Grace Clinic launched in June 2002 in the basement of the First United Methodist Church in Pasco by Drs. Carol Endo and Cheryl Snyder, local physicians who would see patients in need free-of-charge for four hours each Saturday.
Ten years later, the clinic expanded into its current location at the former Benton Franklin Health District Building, 800 W. Canal Drive in Kennewick. It began operating for four days per week and offered diabetic care and mental health and dental services.
Five years later, in 2017, Grace Clinic was open five days per week and third-year residents were completing their education at Kadlec Regional Medical Center and Trios Health hospitals began serving rotations there.
Brault said its dental program will be expanded in the new year. “We do mostly urgent dentals – extractions, abscesses. After the first of the year, we’re going to … be able to do more routine dentistry.”
He said Grace Clinic also is working on a mental health expansion that will take place next year.
“To grow and expand what we do, we have to grow our base of support, both in terms of funding and volunteers. In a for-profit operation, you expand over here and it generates more revenue, but for us, when we expand, it creates more cost,” Brault said.
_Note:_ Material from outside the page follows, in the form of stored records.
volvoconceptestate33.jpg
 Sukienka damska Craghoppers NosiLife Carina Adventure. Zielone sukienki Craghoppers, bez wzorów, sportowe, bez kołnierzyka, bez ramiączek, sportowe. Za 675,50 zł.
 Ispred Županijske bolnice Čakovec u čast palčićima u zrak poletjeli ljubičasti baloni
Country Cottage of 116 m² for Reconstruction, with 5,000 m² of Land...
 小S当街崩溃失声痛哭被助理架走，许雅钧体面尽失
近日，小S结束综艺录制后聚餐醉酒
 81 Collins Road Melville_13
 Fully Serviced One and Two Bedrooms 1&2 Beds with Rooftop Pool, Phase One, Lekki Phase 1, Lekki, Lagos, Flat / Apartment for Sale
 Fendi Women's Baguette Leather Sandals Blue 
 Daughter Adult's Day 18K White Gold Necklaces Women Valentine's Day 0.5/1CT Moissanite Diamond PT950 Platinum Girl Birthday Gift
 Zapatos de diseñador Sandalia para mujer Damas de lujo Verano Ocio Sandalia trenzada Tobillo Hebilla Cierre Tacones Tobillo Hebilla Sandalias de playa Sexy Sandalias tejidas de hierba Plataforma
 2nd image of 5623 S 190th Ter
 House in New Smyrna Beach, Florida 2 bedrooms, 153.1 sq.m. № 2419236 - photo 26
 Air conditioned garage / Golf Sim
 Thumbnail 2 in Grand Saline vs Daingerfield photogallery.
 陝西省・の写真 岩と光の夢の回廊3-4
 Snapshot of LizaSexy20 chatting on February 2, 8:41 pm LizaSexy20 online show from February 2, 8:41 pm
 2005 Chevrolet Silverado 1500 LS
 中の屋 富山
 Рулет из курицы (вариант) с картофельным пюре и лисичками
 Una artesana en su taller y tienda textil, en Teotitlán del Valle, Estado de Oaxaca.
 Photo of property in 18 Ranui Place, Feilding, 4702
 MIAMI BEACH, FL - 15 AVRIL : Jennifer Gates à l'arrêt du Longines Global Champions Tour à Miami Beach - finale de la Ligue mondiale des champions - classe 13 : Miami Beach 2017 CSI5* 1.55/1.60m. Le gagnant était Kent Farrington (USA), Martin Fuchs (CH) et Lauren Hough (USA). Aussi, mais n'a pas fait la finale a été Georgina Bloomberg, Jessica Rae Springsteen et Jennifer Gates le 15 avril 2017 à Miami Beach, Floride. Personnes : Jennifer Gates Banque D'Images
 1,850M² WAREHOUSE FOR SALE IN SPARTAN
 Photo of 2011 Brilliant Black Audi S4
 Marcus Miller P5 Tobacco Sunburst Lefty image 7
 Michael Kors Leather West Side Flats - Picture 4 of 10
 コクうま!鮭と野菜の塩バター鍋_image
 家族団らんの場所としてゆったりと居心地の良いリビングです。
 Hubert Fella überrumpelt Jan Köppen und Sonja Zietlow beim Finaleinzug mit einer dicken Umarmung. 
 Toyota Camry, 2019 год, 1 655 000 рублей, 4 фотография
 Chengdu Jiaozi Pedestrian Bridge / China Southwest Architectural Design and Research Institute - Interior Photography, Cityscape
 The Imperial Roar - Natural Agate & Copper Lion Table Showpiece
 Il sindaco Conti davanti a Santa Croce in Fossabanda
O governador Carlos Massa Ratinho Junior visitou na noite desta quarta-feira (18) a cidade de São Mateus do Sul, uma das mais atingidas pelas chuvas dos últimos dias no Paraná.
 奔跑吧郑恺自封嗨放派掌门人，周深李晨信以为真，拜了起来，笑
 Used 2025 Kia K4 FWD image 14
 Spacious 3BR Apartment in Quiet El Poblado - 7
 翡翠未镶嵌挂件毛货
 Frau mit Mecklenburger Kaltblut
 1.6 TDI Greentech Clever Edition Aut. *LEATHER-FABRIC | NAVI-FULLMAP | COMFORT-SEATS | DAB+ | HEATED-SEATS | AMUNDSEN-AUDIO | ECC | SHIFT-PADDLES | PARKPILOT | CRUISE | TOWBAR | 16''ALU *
He said the clinic is funded predominately by individuals, service clubs and the broader community.
Basin Pacific Insurance and Benefits is one such community donor.
“Grace Clinic is a testament to how we all should serve those in need in our community. … We have supported Grace Clinic both personally and through our business because Grace Clinic epitomizes what true community service should be. If you have never visited Grace Clinic you owe it to yourself and others to do so. You will be inspired,” said Brad Toner, managing partner at Basin Pacific.